Sunday, June 5, 2011

Taxes and Selling your Real Estate Investment

So you've getting tired of the Landlord business and you want to get out.  Your thinking ok big hunk of cash but  Oh ya I'm going to have to pay taxes on that big chunk of cash... as you start to do the calculation you realize that there is a lot of taxes that you will have to pay.  Poking a few buttons on the calculator All of a sudden that selling of your real estate investment doesn't seem so great!  How can I avoid or defer the taxes when selling?  There are a couple of  solutions  to this problem. 

Holding Paper:
Holding a paper or a mortgage note allows you to finance part or all of the price of the property to the buyer.  This can be very appealing to buyers. Frequently you can get a higher interest rate and get a regual payments over many years. The great thing is that you are paying smaller amouts in taxes every year over many years instead of one big lump of taxes.

1031 Exchange:
A 1031 exchange is transferring the gains from one property to a new property.
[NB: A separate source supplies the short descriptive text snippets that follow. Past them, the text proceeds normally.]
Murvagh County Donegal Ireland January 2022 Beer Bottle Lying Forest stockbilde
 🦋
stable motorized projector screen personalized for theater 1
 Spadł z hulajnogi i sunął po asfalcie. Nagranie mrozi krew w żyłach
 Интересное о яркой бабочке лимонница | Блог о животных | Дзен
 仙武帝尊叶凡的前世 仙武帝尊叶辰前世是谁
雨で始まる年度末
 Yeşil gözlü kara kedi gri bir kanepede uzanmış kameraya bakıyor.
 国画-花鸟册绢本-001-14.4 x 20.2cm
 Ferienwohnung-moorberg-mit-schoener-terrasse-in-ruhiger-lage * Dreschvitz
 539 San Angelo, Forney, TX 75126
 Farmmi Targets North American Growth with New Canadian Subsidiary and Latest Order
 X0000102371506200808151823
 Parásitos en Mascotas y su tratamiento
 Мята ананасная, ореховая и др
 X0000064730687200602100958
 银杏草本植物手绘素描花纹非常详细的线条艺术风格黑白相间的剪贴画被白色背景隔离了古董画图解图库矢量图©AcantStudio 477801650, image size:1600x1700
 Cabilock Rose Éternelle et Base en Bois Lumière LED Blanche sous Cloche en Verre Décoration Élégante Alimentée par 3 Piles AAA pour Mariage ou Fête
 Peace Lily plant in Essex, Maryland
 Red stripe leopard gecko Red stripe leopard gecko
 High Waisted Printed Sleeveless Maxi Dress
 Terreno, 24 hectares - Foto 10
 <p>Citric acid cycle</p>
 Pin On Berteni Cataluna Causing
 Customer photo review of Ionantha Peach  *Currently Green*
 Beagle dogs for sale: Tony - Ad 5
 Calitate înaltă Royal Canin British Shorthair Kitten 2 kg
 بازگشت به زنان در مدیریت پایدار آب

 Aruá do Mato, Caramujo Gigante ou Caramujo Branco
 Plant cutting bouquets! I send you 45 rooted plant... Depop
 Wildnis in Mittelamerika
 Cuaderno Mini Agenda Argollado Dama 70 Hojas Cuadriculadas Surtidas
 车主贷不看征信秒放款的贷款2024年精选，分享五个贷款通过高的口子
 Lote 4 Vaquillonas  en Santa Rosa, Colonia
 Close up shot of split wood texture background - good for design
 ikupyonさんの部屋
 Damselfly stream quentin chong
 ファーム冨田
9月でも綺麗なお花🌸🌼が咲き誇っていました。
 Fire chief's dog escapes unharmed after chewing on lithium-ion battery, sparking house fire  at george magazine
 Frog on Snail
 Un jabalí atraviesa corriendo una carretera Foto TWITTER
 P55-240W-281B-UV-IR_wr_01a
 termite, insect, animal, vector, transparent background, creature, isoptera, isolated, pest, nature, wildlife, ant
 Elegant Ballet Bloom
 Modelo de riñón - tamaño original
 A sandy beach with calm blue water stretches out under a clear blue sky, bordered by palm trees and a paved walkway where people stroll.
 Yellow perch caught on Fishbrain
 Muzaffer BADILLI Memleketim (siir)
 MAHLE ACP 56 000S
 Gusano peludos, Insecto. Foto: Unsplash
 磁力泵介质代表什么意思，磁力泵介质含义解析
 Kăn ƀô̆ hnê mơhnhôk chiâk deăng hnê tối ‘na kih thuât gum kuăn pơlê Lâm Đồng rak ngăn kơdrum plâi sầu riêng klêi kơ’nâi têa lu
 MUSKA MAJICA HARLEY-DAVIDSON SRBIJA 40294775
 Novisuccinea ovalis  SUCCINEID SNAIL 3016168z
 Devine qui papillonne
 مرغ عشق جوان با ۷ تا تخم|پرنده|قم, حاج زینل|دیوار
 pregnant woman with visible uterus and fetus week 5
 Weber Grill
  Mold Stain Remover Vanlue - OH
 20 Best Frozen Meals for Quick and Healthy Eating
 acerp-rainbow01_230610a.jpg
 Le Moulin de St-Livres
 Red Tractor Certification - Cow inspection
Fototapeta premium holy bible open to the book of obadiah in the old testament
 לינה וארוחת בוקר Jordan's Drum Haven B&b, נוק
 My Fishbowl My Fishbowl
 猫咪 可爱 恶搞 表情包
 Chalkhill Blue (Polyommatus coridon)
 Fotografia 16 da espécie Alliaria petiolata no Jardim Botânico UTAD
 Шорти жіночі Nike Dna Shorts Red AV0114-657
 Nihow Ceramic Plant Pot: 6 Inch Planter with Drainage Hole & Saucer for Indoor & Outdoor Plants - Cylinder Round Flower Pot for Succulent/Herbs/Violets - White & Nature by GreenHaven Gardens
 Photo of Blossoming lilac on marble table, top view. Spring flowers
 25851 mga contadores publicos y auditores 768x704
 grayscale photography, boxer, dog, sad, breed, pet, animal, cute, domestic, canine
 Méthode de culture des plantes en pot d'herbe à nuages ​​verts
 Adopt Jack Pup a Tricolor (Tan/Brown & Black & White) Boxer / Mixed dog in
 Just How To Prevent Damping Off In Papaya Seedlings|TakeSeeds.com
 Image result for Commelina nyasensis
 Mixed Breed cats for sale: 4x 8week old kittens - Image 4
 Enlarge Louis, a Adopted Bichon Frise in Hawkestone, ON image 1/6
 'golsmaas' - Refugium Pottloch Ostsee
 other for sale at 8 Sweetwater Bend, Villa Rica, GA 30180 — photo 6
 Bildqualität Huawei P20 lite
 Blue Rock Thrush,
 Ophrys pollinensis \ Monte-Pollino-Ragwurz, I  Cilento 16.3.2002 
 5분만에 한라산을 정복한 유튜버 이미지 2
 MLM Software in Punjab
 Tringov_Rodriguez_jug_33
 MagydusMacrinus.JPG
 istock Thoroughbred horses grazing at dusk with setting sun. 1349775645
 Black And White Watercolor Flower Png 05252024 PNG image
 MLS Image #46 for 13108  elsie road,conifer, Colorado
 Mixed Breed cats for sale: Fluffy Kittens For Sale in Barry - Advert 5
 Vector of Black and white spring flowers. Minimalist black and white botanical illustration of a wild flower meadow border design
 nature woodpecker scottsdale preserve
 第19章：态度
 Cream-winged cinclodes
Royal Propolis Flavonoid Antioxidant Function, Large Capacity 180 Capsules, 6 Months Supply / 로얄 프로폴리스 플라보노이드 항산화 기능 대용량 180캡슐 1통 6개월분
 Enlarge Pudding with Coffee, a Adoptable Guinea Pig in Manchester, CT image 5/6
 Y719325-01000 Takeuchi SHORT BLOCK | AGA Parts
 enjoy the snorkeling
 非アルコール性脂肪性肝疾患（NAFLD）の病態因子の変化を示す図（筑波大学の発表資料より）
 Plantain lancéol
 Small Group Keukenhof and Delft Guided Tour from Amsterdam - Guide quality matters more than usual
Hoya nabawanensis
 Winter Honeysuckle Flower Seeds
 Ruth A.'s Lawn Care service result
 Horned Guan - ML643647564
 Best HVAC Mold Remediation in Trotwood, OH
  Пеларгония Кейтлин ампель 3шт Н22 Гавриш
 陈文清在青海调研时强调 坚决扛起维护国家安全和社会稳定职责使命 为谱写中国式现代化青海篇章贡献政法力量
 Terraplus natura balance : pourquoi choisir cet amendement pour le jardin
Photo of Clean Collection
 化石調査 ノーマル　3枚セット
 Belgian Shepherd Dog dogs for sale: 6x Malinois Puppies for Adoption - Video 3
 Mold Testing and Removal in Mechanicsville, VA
The great thing about this there is fair amount of flexibility in the property types that you can exchanged into.  In order to qualify for this exchange, certain rules must be followed:
  1. Both the relinquished property and the replacement property must be held either for investment or for productive use in a trade or business. A personal residence cannot be exchanged.
  2. The asset must be of like-kind. Real property must be exchanged for real property, although a broad definition of real estate applies and includes land, commercial property and residential property. 
  3. The proceeds of the sale must be re-invested in a like kind asset within 180 days of the sale. Restrictions are imposed on the number of Replacement Properties which can be identified as potential Replacement Properties. More than one potential replacement property can be identified as long as you satisfy one of these rules:
    • The Three-Property Rule - Up to three properties regardless of their market values. All identified properties are not required to be purchased to satisfy the exchange; only the amount needed to satisfy the value requirement.
    • The 200% Rule - Any number of properties as long as the aggregate fair market value of all replacement properties does not exceed 200% of the aggregate Fair Market Value (FMV) of all of the relinquished properties as of the initial transfer date. All identified properties are not required to be purchased to satisfy the exchange; only the amount needed to satisfy the value requirement.
    • The 95% Rule - Any number of replacement properties if the fair market value of the properties actually received by the end of the exchange period is at least 95% of the aggregate FMV of all the potential replacement properties identified. In other words, 95% (or all) of the properties identified must be purchased or the entire exchange is invalid.(1)
     
When you decide to get out of your investment take a serous look at your tax options with your CPA when deciding to sell your Investments.  There are ways to avoid or differ your tax bill.